Sağlık Kontrolü: 03.05.2025 Cuma Molnar Randevumuz 09:00'da idi. Biz daha önce korona aşısı yaptırmamıştık. Bu nedenle ilk aşımızı 28.04.2024'te hastanede yaptırdık. Tek doz olması sebebiyle burada tekrar etmek istedim. verdiğimiz belgeler: - Pasaportlarımız konsoloslukta olduğu için, pasaportun aslı değil fotokopileri (bunu gitmeden önce sormuştuk, onlar da ilk sayfalarının fotokopisinin yeterli olacağını söyledi) - korona aşı kartı - bağışıklık kan testi sonucu (biz geçen sene yaptırmıştık, bu sene tekrar gittiğimizde intaniye doktoru yaptırdığımız testin ömür boyu geçerliliği olan bir sonuç olması sebebiyle aynı değerlere tekrar bakmadı. Molnar da tarihe takılmadı.) - eşim sağlık ocağından aldığım TDAP aşısı olmuştur ibaresinin yer aldığı ıslak imzalı kağıdı, İngilizce çevirisi ile birlikte; ben de uluslararası aşı kartını (hudut sağlığından alınan sarı defter, içinde daha önceki senelerde yapmış olduğum geziler için sarı humma vb. ile TDAP aşısının yapıldığına dair imza ve ilgili aşının barkodunun yapıştırılmış olduğu) sunduk. Beklerken form doldurduk, sonra onlar bilgisayarda bizimle ilgili form doldurup fotoğraflarımızı çektiler. Yüz yüze görüşmede, doktor asistanı bize ameliyat, göz bozukluğu, psikolojik problemlerimiz vb. olup olmadığını sordu. Aşılarımız üzerinden geçerken, yeni çıkan bir durum olarak (ki 26.04.2024'te email gelmişti bununla ilgili ama o sıra işlemler peşinde koştuğumuz için ilgilenemedik) polio aşısının yetişkinlerde 3 doz istendiğini, bizim bağışıklık kan testinde polio olmadığını, bununla ilgili bir belge de sunmadığımız için ya polio aşısı yapması gerektiğini ya da bağışıklı testi yaparak sonuca göre (ki bunun da sonucunun gelmesinin uzun sürebileceğini) hareket etmesi gerektiğini söyledi. Paşa paşa aşımızı olduk (kişi başı 40 euro). Eklemem gerekir ki; benim uluslararası aşı kartında polio aşısı da vardı. Ancak onu da tek doz olduğu için doktor asistanı kabul etmedi. doktor asistanı kanımızı aldı ve sonra gelen doktor da muayene etti. Muayenemizde de, sadece sırt üstü uzanarak refleks testi (evet biz de anlamadık) ve aşımız yapıldı. oradan da röntgen merkezine gittik. oldukça detaylı bir kağıt hazırlamışlar yeri anlatabilmek için, ama forumdaki anlatımlardan elimizle koymuş gibi bulduk. Buradaki sıra bekleme durumu günden güne değiştiği için çok detaylı anlatmama gerek yok sanırım. Totalde bir buçuk saatte işimizi hallettik ve çıktık. İşlemlerimiz cuma günü bitmiş oldu.

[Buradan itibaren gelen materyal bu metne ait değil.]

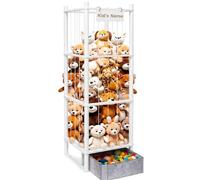 Stuffed Animal Storage with Toys Tray, 57In Large Wooden Stuffy Plushies Storage Holder Extra Large Capacity Stuffed Animals Zoo Organizer for Toddler Rooms, Playrooms & Bedrooms (Toys Tray - White)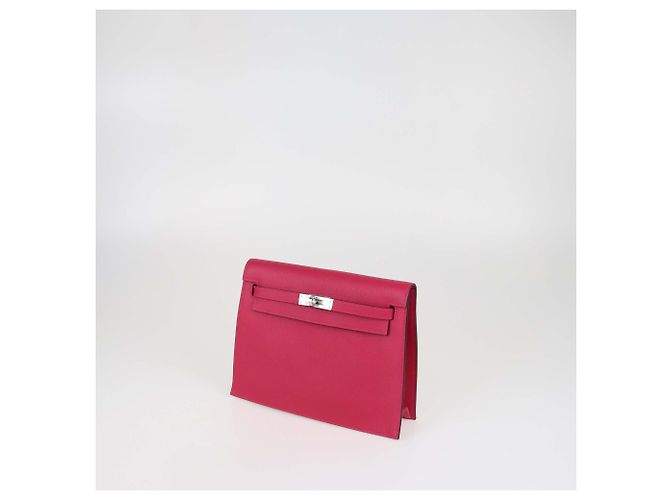 Hermès Borsa a tracolla Hermes Kelly Danse in pelle Evercolor Framboise Rosa - vista 3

Dönüş biletimizi 8 Mayıs Çarşamba gününe almıştık. Dolayısıyla pazartesi sabahtan itibaren önce röntgen merkezinden sonuçların çıkıp çıkmadığını öğrendik. Sonra Molnar’dan sonuçları gönderip göndermediklerini öğrenmek istedik. Röntgen sonuçlarını aldıklarını kan testi sonucunu beklediklerini söylediler ve mesaileri saat öğlen 12’de bittiği için işimiz salıya kaldı. Salı günü sabah Molnar, önceki akşam üst üste attığımız maillerden olsa gerek, sağlık dosyanızı gönderdik diye bilgi verdi. Ondan sonra da elçilikten haber beklemeye başladık ve tabii moraller bozuldu. Saat 16:00 gibi elçiliğin olduğu bölgeye gittik, hemen gelin derlerse gidip alalım diye. Akşam 17:00 gibi de artık Marriott otelin lobisinde beklemeye kadar gittik. Ama ses yok elçilikten. Akşam bu moral bozukluğuyla sabah görmeleri için bir mail attık, öğlen uçağımız olduğunu hatırlattık. Neyse ki sabah ilk iş olarak “15 dakikaya elçilikte olun vizeniz basılmış olacak” mailini attılar. Biz o sırada zaten otelden çıkışımızı yapmış elçiliğe giden tramvaya binmiştik bile. Sonuç olarak öğlen dönüş uçağımıza da yetiştik ağzımız kulaklarımızda yolculuğumuzu yaptık.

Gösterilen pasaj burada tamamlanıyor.